ENTRIES SHOWN –
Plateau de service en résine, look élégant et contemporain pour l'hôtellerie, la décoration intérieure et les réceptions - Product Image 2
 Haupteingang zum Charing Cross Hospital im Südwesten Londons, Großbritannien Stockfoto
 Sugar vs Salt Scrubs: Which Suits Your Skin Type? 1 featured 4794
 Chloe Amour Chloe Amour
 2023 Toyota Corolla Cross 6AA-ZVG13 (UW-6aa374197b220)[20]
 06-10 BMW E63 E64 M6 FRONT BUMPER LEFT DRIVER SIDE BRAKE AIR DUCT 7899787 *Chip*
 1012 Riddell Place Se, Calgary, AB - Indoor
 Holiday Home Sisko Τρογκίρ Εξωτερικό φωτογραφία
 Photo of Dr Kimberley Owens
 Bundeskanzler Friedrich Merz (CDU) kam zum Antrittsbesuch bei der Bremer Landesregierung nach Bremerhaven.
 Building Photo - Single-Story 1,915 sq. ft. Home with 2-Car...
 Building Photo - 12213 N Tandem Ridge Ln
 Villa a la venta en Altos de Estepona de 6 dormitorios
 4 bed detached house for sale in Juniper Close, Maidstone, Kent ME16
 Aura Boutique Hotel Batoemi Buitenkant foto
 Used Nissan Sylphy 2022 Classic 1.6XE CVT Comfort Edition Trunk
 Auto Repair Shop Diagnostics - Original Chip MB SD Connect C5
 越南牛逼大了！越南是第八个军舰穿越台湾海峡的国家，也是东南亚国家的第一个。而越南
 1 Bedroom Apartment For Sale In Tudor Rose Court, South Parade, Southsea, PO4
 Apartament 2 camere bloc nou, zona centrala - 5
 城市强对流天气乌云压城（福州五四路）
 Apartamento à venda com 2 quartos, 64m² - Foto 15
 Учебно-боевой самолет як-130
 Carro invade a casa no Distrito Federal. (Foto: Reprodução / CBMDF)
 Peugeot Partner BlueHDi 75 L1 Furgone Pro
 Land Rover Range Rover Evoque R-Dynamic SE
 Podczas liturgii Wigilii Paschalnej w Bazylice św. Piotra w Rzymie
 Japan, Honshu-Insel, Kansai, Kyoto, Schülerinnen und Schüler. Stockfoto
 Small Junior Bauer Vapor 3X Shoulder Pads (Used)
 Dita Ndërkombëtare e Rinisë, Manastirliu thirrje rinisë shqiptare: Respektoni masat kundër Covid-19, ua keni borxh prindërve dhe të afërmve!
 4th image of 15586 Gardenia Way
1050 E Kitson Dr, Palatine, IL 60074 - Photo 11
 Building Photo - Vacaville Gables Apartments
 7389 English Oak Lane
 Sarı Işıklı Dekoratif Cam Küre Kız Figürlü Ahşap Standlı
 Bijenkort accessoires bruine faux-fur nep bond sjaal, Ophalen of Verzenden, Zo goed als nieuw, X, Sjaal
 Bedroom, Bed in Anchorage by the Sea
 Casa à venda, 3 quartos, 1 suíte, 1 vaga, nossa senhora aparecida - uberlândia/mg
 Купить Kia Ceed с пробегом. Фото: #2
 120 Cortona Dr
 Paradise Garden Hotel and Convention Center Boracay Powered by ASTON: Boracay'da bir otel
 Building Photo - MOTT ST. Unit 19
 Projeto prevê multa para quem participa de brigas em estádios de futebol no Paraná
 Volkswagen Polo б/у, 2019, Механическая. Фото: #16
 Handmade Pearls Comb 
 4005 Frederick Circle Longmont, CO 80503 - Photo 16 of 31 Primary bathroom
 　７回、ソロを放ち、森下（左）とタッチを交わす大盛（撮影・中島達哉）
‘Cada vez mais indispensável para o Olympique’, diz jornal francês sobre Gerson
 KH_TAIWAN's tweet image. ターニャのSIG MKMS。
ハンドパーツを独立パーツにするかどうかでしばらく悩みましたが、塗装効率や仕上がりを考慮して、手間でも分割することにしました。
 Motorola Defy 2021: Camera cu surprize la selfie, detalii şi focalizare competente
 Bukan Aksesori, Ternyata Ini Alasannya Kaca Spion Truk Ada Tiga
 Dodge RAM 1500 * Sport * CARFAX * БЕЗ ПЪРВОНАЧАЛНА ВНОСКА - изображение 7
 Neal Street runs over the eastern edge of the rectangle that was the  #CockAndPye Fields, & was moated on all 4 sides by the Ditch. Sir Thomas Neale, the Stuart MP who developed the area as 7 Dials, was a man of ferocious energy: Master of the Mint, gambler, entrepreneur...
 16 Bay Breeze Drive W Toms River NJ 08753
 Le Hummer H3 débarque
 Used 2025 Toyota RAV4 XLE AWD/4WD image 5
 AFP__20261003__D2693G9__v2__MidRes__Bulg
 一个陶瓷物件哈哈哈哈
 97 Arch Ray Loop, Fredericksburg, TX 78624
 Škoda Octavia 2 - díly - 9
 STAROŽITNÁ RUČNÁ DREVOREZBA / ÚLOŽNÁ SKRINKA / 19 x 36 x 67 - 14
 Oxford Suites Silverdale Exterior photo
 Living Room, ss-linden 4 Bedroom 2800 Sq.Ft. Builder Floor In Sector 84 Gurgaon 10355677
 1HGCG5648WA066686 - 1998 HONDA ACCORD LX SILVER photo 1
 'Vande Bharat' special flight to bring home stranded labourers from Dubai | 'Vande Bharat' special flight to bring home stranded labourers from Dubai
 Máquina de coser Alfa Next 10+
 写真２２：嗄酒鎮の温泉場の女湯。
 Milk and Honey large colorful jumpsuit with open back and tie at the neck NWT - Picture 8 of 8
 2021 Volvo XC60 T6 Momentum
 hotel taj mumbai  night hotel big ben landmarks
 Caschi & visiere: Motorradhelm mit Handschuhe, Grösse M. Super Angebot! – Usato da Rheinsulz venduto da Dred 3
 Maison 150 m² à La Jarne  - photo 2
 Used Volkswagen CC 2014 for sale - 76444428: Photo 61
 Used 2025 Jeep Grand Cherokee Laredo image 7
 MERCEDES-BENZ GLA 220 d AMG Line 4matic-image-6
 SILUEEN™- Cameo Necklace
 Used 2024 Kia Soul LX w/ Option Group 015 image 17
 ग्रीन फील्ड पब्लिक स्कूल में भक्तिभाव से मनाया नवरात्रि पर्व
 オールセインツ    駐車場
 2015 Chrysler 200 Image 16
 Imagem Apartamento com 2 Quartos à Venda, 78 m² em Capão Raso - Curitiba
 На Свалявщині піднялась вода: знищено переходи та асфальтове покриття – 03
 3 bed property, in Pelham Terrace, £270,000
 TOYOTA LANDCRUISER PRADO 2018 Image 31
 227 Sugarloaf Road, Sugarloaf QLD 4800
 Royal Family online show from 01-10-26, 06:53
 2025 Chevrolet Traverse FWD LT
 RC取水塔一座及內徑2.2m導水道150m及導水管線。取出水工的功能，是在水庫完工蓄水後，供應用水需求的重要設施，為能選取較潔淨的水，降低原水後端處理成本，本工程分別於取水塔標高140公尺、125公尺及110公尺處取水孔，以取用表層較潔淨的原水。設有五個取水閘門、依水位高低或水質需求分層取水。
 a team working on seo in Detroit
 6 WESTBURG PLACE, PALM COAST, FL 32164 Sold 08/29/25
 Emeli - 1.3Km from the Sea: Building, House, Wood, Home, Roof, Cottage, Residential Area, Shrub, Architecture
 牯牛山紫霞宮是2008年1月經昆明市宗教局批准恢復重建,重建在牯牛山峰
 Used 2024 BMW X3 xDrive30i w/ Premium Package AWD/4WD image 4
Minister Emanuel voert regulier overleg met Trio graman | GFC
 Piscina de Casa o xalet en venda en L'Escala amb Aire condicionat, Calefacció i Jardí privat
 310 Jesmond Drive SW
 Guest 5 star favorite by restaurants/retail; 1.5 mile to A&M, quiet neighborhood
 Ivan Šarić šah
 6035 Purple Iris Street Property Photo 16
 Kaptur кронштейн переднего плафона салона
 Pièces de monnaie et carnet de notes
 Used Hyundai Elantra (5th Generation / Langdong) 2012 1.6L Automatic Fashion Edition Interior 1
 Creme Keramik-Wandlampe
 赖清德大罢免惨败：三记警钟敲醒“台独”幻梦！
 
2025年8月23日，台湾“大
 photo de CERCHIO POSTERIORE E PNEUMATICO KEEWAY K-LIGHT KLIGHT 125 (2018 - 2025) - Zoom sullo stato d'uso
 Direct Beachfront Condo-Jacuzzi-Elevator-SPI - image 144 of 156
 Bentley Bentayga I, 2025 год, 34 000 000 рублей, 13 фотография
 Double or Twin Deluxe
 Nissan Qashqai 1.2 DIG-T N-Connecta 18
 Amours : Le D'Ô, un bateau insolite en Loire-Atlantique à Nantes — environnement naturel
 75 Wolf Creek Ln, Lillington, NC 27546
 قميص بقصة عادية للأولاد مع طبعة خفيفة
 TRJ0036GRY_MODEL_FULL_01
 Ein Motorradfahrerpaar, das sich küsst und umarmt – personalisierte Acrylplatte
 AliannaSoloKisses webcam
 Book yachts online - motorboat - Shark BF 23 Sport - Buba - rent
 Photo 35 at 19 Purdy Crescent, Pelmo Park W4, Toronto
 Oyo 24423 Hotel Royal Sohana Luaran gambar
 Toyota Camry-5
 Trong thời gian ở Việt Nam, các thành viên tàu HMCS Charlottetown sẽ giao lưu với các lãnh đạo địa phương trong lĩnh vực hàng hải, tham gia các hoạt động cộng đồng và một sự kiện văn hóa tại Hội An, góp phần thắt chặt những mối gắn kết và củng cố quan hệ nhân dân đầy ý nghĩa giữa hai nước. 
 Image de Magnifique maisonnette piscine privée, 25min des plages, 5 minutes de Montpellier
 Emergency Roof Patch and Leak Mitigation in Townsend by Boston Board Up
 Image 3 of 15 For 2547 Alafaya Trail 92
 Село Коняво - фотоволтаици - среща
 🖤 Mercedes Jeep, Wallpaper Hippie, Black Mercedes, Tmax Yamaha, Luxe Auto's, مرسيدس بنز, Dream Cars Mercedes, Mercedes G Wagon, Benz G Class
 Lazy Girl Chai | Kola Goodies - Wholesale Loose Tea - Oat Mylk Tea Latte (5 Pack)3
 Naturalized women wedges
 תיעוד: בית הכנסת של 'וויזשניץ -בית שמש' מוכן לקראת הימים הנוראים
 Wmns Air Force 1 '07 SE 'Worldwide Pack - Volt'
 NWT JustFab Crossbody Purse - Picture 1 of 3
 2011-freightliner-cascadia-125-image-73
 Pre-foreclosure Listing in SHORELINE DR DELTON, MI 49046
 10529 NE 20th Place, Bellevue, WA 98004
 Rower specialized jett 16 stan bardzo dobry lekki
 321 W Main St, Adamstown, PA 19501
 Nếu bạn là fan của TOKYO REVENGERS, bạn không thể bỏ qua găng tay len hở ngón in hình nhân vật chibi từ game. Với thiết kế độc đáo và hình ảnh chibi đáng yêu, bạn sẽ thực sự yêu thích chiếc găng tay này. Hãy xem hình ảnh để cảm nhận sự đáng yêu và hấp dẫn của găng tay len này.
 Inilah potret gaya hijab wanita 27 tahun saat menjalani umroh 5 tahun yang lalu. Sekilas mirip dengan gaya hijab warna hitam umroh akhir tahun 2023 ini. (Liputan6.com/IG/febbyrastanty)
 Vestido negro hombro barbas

GOAL OF THE EXERCISE –
Retype exactly, and only, the lines above from the one where "4th image of 15586 Gardenia Way" occurs up to and including the one where "120 Cortona Dr" occurs.

EXERCISE ANSWER –
 4th image of 15586 Gardenia Way
1050 E Kitson Dr, Palatine, IL 60074 - Photo 11
 Building Photo - Vacaville Gables Apartments
 7389 English Oak Lane
 Sarı Işıklı Dekoratif Cam Küre Kız Figürlü Ahşap Standlı
 Bijenkort accessoires bruine faux-fur nep bond sjaal, Ophalen of Verzenden, Zo goed als nieuw, X, Sjaal
 Bedroom, Bed in Anchorage by the Sea
 Casa à venda, 3 quartos, 1 suíte, 1 vaga, nossa senhora aparecida - uberlândia/mg
 Купить Kia Ceed с пробегом. Фото: #2
 120 Cortona Dr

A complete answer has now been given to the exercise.